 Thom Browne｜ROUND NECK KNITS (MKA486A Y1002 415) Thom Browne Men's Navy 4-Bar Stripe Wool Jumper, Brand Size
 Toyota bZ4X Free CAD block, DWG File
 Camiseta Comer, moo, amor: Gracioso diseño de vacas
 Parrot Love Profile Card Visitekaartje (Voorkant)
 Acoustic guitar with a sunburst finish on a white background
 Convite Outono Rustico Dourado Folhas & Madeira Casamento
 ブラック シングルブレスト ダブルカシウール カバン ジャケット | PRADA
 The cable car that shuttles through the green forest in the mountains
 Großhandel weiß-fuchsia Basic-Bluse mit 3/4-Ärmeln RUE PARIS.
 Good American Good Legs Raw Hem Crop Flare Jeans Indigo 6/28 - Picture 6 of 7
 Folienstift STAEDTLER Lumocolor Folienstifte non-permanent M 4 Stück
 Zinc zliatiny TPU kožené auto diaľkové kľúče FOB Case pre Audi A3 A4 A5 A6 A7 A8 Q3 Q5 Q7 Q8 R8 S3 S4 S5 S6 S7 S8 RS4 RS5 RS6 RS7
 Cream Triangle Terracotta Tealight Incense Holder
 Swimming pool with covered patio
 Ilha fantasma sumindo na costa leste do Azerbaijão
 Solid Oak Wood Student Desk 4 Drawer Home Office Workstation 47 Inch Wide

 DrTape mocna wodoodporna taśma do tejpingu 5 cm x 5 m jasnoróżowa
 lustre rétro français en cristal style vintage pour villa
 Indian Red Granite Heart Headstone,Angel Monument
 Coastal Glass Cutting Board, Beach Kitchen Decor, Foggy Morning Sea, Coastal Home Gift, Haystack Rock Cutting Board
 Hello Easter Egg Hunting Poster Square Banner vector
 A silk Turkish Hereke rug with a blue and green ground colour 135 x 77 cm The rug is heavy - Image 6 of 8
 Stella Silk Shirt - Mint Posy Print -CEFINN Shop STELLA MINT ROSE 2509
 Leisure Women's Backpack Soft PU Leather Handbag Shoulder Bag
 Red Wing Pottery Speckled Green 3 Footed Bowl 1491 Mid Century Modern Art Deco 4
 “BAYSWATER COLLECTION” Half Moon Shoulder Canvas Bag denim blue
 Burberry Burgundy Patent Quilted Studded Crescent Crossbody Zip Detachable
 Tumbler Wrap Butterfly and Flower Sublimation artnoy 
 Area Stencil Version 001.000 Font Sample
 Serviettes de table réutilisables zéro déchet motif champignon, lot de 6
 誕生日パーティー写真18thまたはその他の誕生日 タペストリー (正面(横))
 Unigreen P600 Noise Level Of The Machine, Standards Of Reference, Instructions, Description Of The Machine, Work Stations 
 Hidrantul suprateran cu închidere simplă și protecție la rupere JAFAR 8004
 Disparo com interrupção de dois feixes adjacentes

- **TO DO**:
From the records above, copy only the lines starting with the line that holds "Good American Good" and going on through the line that holds "Swimming pool with covered patio", exactly as written.

- **COMPLETED EXERCISE**:
 Good American Good Legs Raw Hem Crop Flare Jeans Indigo 6/28 - Picture 6 of 7
 Folienstift STAEDTLER Lumocolor Folienstifte non-permanent M 4 Stück
 Zinc zliatiny TPU kožené auto diaľkové kľúče FOB Case pre Audi A3 A4 A5 A6 A7 A8 Q3 Q5 Q7 Q8 R8 S3 S4 S5 S6 S7 S8 RS4 RS5 RS6 RS7
 Cream Triangle Terracotta Tealight Incense Holder
 Swimming pool with covered patio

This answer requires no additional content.